- **Task statement**
Please quote only the lines that start at the one with "幸亏日本点球大战赢下乌兹别克斯坦，不然中国队连争夺铜牌的机会都没有。" and go on to the last line of the data, both ends kept.

(Source data)
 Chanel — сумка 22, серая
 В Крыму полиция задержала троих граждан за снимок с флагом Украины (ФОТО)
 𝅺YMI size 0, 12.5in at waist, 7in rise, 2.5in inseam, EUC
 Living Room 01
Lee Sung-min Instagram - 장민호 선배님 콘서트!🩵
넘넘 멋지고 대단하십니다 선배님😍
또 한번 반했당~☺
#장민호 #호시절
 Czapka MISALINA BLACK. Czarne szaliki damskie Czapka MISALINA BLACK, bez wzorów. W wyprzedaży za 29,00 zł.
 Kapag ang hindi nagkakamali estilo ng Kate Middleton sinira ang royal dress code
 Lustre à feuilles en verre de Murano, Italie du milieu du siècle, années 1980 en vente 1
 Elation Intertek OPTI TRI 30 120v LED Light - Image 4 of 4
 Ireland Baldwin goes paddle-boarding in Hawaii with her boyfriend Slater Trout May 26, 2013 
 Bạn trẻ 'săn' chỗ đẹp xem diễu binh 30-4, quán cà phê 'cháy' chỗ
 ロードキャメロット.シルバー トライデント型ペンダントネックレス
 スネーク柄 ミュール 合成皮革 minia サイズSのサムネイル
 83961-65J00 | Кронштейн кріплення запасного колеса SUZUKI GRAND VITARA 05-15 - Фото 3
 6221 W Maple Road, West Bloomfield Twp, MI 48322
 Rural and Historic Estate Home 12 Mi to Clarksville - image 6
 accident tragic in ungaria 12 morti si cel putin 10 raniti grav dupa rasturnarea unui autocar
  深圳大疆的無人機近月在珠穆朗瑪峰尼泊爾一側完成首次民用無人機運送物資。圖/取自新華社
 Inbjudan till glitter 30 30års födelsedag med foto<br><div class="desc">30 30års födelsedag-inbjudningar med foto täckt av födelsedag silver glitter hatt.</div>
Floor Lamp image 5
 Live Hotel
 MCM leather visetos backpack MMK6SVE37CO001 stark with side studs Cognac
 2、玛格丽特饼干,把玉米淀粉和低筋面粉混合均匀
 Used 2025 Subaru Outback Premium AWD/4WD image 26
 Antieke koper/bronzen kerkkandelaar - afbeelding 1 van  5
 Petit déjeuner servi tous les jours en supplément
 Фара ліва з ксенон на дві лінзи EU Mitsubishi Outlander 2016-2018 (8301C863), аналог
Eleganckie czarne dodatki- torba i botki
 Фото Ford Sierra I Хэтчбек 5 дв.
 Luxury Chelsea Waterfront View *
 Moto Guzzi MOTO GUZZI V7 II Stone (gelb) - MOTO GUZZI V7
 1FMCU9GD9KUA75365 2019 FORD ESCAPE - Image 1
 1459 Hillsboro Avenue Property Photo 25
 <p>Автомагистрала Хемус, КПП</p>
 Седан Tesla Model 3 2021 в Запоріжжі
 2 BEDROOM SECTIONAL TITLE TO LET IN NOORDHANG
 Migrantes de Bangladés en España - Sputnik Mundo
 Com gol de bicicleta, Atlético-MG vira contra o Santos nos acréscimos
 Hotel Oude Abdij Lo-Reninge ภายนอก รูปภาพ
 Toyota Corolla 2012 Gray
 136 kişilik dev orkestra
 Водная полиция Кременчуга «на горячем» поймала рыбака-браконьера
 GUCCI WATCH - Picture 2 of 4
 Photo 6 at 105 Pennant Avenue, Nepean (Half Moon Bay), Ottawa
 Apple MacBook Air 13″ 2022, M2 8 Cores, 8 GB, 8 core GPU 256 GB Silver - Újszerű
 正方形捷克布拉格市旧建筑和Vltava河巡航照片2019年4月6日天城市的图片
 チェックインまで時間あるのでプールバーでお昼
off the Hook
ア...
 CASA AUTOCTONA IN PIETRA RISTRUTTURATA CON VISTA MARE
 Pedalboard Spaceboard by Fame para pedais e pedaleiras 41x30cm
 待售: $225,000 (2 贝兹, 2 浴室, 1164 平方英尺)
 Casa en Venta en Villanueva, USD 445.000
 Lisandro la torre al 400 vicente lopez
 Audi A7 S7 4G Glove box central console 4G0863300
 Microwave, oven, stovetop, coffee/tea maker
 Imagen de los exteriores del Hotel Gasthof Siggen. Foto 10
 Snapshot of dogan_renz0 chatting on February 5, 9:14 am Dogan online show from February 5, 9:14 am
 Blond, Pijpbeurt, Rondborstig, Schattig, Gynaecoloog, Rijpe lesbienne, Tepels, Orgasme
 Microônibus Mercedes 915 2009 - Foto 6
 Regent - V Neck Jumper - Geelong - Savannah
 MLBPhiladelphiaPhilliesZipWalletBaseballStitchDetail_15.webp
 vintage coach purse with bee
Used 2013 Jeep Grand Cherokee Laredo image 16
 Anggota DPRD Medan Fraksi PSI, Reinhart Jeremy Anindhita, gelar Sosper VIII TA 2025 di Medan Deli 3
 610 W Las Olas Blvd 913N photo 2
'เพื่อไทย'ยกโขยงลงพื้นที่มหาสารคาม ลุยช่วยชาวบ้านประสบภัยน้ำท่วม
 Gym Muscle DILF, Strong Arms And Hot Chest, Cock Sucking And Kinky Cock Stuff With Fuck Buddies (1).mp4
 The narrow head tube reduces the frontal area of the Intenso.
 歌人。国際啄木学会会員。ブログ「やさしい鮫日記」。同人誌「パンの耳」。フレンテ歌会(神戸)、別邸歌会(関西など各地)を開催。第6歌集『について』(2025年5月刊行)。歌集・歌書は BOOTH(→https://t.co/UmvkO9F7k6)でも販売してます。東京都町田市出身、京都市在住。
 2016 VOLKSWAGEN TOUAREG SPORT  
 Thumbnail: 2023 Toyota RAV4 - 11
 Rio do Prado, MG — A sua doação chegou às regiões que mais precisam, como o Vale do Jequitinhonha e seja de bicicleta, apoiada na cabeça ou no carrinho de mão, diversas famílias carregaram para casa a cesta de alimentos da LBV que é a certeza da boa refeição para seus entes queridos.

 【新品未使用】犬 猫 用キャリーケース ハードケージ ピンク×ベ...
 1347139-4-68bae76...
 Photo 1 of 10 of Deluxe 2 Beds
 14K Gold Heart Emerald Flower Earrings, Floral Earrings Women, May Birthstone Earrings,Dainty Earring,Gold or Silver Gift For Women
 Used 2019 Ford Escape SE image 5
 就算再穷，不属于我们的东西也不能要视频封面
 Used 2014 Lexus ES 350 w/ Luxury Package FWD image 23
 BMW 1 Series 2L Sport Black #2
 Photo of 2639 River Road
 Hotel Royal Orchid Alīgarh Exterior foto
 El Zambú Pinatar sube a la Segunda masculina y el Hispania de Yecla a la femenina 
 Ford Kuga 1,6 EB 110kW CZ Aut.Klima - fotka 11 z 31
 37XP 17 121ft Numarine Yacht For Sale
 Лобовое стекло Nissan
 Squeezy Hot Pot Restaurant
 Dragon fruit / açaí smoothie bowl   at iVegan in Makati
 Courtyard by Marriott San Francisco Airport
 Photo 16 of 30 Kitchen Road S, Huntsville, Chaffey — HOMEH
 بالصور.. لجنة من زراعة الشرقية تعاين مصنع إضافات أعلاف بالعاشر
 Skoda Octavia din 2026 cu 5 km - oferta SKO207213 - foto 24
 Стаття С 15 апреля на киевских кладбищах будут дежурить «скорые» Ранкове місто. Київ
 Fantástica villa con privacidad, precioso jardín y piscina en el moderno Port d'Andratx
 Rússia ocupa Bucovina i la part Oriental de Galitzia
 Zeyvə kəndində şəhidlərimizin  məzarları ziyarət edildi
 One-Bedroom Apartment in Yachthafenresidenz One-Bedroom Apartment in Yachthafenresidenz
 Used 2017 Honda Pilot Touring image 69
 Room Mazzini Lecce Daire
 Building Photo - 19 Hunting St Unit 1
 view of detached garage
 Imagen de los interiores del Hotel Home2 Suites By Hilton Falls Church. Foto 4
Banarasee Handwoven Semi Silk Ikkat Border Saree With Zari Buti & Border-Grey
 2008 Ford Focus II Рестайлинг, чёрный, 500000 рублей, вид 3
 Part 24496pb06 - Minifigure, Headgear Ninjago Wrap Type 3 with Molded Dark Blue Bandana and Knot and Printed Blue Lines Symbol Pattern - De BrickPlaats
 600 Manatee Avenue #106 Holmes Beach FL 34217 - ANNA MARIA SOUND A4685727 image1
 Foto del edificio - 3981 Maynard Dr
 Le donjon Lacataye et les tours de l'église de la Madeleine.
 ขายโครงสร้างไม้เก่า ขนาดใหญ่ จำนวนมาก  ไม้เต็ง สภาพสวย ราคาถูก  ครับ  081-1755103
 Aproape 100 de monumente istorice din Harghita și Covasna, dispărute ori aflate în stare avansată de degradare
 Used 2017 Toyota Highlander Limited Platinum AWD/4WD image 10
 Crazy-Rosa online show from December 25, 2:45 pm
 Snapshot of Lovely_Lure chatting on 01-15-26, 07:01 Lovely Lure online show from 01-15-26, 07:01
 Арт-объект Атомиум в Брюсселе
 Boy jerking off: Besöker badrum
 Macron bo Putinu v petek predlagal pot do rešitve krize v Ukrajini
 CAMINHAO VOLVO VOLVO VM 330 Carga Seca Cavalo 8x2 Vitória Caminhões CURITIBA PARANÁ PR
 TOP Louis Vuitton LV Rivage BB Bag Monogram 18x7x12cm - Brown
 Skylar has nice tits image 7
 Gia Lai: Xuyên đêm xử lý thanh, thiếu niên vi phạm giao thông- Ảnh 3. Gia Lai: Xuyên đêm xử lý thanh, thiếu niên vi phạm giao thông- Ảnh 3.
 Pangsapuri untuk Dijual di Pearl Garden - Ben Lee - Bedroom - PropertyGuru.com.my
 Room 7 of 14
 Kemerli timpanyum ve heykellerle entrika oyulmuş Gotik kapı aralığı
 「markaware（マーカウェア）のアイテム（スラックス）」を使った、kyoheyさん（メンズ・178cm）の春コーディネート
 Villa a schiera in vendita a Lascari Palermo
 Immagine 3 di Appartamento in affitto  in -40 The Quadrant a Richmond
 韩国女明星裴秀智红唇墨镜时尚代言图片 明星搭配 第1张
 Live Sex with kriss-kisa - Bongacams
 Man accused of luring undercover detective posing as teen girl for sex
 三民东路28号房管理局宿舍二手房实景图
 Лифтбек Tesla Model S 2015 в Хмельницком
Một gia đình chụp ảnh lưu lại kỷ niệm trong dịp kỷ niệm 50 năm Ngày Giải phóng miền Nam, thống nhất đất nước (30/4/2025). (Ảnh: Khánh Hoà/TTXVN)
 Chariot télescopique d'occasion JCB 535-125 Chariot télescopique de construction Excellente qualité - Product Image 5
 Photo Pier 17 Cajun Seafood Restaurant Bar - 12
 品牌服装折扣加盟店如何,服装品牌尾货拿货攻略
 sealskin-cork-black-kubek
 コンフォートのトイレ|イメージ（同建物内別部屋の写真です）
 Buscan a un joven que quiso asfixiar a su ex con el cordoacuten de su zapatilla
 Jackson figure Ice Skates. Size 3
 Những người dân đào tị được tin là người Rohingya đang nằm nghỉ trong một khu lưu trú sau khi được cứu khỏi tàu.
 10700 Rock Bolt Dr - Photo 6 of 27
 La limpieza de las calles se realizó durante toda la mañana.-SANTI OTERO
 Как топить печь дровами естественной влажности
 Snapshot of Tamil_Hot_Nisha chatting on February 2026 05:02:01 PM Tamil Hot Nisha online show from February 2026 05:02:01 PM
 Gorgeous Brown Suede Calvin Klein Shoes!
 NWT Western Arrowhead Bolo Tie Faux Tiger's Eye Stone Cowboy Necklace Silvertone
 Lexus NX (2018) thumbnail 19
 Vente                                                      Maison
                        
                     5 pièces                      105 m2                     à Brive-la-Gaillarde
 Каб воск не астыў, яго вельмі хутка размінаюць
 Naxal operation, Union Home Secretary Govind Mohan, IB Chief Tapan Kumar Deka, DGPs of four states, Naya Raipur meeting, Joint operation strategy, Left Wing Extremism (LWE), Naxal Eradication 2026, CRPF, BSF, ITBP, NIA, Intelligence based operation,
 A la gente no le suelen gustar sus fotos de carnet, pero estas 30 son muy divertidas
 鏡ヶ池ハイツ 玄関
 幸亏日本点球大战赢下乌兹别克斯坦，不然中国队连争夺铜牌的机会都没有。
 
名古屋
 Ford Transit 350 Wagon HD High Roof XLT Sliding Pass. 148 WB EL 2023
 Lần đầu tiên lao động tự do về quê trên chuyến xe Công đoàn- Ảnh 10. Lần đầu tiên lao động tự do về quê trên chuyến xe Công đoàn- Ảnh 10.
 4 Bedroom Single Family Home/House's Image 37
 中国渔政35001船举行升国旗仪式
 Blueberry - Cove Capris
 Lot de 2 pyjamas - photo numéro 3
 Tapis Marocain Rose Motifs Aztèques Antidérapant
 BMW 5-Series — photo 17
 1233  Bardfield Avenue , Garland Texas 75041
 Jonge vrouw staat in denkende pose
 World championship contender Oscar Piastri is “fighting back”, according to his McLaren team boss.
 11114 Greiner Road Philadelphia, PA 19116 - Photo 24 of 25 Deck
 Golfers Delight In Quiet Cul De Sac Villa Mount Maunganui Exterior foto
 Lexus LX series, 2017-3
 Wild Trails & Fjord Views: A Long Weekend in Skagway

- **Written response**
 幸亏日本点球大战赢下乌兹别克斯坦，不然中国队连争夺铜牌的机会都没有。
 
名古屋
 Ford Transit 350 Wagon HD High Roof XLT Sliding Pass. 148 WB EL 2023
 Lần đầu tiên lao động tự do về quê trên chuyến xe Công đoàn- Ảnh 10. Lần đầu tiên lao động tự do về quê trên chuyến xe Công đoàn- Ảnh 10.
 4 Bedroom Single Family Home/House's Image 37
 中国渔政35001船举行升国旗仪式
 Blueberry - Cove Capris
 Lot de 2 pyjamas - photo numéro 3
 Tapis Marocain Rose Motifs Aztèques Antidérapant
 BMW 5-Series — photo 17
 1233  Bardfield Avenue , Garland Texas 75041
 Jonge vrouw staat in denkende pose
 World championship contender Oscar Piastri is “fighting back”, according to his McLaren team boss.
 11114 Greiner Road Philadelphia, PA 19116 - Photo 24 of 25 Deck
 Golfers Delight In Quiet Cul De Sac Villa Mount Maunganui Exterior foto
 Lexus LX series, 2017-3
 Wild Trails & Fjord Views: A Long Weekend in Skagway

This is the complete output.